Он умер – да-да, умер! – потому что она кинулась к нему, как кидаются в пропасть, потому что они не подходили друг другу, потому что ее горе подпитывало его тягу к саморазрушению, и, может быть, не стань она его женой, он бы не стал стрелять, он бы не решился покончить с собой, может быть, он смог бы прийти в себя и стать тем, кем должен был. И все не пошло бы кувырком, если бы не оказался этот ангелоподобный юноша гомосексуалистом, если бы не открылось все накануне свадьбы и не грянул скандал, так почему же столько лет призрак погибшего мужа приходит к ней, а не к тому, с кого началась эта цепочка бедствий? И она, озлобленная, пожелала Давиду, где бы он ни находился, кошмаров, самых страшных снов, самых страшных бед. Но видимо, он, где бы он ни находился, пожелал ей того же. Потому что в эту ночь, впервые с того вечера в ресторане, ее кошмары пришли к ней. И она была им рада, как старым, любимым друзьям.
Ада словно перерождалась. И перерождалась страна, опаленный феникс, возникающий из пепла. Спустя почти месяц проверок, арестов, допросов и пустых новостей, был снят режим Особой Бдительности и комендантский час стал начинаться позже. Постепенно до городов добирались амнистированные, и их иногда можно было видеть на улицах – странных людей с затравленными глазами, посеревшей кожей, худых, но казавшихся неожиданно сильными. Они были согласны на любую работу и вели себя так скромно, что, казалось, всем своим видом доказывали, что наказания в Объединенной Евразии действительно способствуют перевоспитанию даже самых закоренелых преступников.

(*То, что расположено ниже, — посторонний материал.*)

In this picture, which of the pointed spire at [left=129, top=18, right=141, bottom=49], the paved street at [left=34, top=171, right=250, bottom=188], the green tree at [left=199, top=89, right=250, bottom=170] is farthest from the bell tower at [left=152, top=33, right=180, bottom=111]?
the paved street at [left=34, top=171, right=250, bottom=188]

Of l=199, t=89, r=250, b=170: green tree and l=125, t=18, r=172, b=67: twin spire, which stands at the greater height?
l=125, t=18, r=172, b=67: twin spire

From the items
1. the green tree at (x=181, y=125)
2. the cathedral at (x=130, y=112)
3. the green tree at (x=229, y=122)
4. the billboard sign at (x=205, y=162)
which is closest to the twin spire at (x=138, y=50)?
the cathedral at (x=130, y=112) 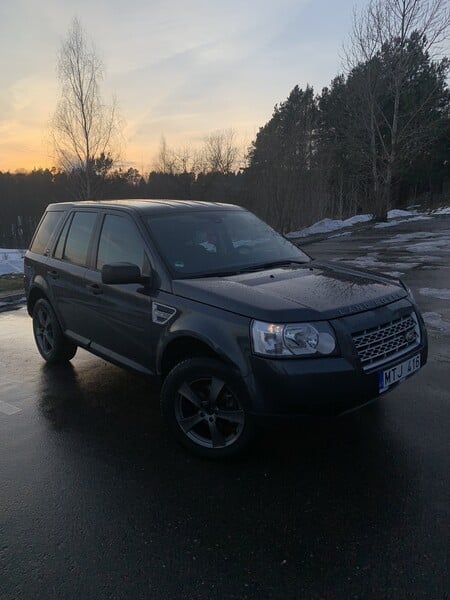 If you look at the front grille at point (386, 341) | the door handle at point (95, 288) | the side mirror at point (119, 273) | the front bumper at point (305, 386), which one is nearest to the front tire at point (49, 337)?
the door handle at point (95, 288)

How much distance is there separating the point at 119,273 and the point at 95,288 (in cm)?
85

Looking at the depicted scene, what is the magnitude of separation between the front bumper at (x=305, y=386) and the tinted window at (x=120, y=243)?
4.75 feet

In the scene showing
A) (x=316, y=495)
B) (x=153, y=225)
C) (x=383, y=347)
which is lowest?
(x=316, y=495)

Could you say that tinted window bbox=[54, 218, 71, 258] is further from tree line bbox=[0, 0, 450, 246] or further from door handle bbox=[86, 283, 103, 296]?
tree line bbox=[0, 0, 450, 246]

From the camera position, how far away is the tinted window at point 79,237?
4.49m

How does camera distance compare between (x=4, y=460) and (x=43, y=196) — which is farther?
(x=43, y=196)

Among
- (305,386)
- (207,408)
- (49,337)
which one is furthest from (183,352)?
(49,337)

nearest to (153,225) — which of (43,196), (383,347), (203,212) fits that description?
(203,212)

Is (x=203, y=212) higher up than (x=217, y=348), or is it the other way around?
→ (x=203, y=212)

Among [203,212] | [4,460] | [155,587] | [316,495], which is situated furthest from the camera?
[203,212]

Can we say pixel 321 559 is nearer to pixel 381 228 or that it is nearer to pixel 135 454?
pixel 135 454

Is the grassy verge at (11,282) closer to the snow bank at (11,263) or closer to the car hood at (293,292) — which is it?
the snow bank at (11,263)

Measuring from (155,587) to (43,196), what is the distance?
84.7 m

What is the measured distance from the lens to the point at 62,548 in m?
2.46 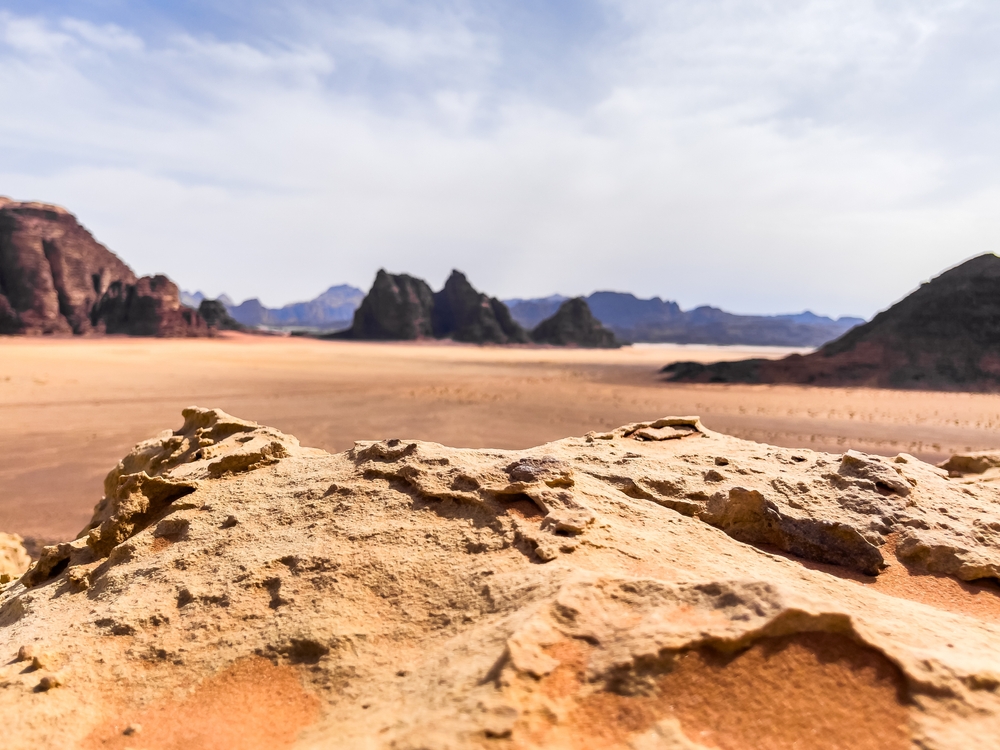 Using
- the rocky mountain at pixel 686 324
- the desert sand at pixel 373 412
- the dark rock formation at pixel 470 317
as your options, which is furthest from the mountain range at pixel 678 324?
the desert sand at pixel 373 412

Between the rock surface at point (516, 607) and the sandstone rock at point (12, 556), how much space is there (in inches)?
62.1

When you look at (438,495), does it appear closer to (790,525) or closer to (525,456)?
(525,456)

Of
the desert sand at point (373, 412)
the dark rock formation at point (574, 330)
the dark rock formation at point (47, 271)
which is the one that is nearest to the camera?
the desert sand at point (373, 412)

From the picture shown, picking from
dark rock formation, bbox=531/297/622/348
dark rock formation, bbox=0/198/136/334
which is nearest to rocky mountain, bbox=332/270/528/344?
dark rock formation, bbox=531/297/622/348

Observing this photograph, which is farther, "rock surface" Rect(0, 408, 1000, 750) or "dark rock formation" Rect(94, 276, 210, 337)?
"dark rock formation" Rect(94, 276, 210, 337)

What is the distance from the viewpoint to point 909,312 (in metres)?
21.7

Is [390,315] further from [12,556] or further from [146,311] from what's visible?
[12,556]

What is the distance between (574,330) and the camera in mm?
58406

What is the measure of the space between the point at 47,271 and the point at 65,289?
1714mm

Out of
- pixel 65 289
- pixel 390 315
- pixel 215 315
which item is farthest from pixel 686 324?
pixel 65 289

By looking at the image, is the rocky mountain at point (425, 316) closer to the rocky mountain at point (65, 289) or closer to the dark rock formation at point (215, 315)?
the dark rock formation at point (215, 315)

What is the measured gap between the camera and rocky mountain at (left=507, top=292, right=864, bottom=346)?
96.7 m

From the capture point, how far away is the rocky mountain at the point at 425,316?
58000 mm

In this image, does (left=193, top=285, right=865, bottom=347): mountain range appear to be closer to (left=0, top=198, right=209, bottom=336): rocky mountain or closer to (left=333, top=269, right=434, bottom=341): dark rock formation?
(left=333, top=269, right=434, bottom=341): dark rock formation
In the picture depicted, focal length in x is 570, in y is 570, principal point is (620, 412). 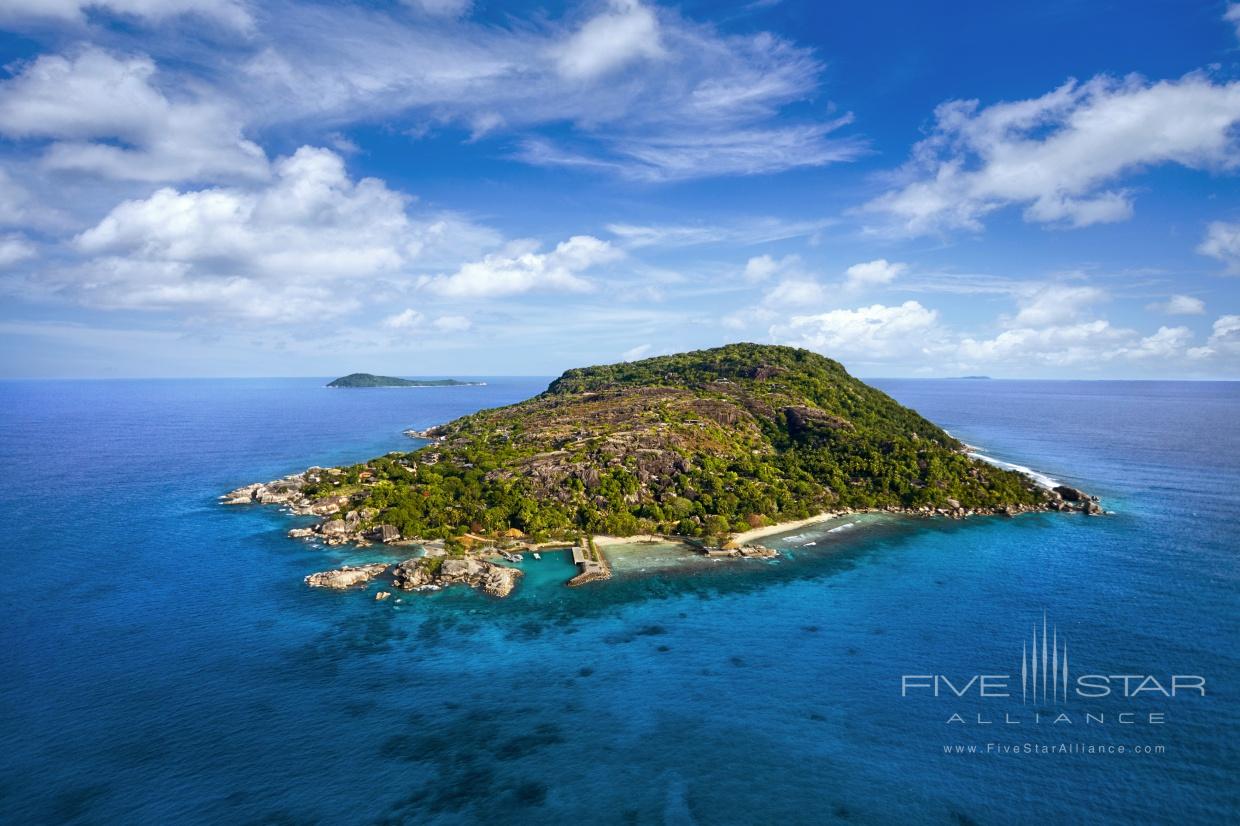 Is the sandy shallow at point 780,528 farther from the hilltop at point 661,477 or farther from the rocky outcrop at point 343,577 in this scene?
the rocky outcrop at point 343,577

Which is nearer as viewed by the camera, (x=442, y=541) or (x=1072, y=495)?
(x=442, y=541)

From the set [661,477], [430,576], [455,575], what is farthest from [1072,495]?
[430,576]

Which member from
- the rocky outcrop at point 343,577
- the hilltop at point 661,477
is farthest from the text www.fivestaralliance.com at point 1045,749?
the rocky outcrop at point 343,577

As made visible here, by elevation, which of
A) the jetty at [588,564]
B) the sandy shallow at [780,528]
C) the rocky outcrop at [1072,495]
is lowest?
the jetty at [588,564]

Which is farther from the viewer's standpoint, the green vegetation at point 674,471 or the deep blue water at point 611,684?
the green vegetation at point 674,471

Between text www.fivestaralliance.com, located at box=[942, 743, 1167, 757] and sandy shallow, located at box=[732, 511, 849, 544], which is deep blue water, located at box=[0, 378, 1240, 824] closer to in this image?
text www.fivestaralliance.com, located at box=[942, 743, 1167, 757]

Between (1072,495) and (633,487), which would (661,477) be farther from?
(1072,495) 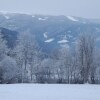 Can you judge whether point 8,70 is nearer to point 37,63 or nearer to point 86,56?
point 37,63

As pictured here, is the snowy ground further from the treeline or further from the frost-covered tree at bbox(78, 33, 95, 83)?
the frost-covered tree at bbox(78, 33, 95, 83)

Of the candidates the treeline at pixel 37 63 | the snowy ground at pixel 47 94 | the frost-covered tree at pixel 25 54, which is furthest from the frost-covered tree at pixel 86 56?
the snowy ground at pixel 47 94

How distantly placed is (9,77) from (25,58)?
6568 mm

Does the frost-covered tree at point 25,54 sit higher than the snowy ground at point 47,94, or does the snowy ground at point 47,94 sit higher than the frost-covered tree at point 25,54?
the frost-covered tree at point 25,54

Ада решила бороться. Оказалось, она жить не может без своих бессонных ночей, без своих милых призраков, любивших ее, принадлежавших ей и только ей, и стоило им умолкнуть, как она впала в спячку, но теперь они вернулись, и у нее снова появились силы убегать от них, бежать быстрее ветра, сражаться со всем остальным миром. Возможно, она сходила с ума, как когда-то ее мать, но, в любом случае, это безумие было знакомым, привычным и оно позволяло жить, а не прозябать. Она с трудом представляла себе, чего она добивается, но знала точно, пока этот адреналин гонит ее вперед, она не остановится, не опустит рук и не позволит какому-то самодовольному выскочке, по ошибке ставшему ее женихом, пребывать в сытой уверенности, что теперь все будет хорошо. С этой новой энергией, подпитываемой ненавистью и страхом, она ожила, и в два счета разделалась с проклятым монологом, с промо-акциями, с рекламными съемками, с повторной комиссией, со всем, что стояло у нее на пути. Она снова пила, снова скандалила, закатывали Диме истерики, а Арфова настраивала против его непотопляемой секретарши, не потому что действительно опасалась ее, а просто для развлечения. Когда фильм, наконец, отправился на финальный монтаж, и были розданы все интервью, сфотографированы все ее улыбки и все костюмы, поцелованы все партнеры по фильму, которых стоило целовать, заказаны все платья, которые хотелось заказать к лету, выпит весь кофе, прочитаны все новые сценарии и отклонены – все, она поняла, что ей чего-то не хватает. Помолвка прошла довольно скромно, и счастливо улыбаясь с фотографий, позволяя руке Димы обвивать ее талию, откидывая голову назад и заливисто смеясь, она твердо знала, что никакой свадьбы не будет. Пусть, сейчас она и не могла ничего сделать – пока не найдет новых покровителей, пока не обезопасит себя, она готова была притворяться счастливой, но никогда не войдет она в храм, никогда не скажет «да» этому человеку, и, целуя его, она почти до крови кусала его губы, и ласково проводя по его щеке, думала – как же ты жалок, как же я тебя ненавижу.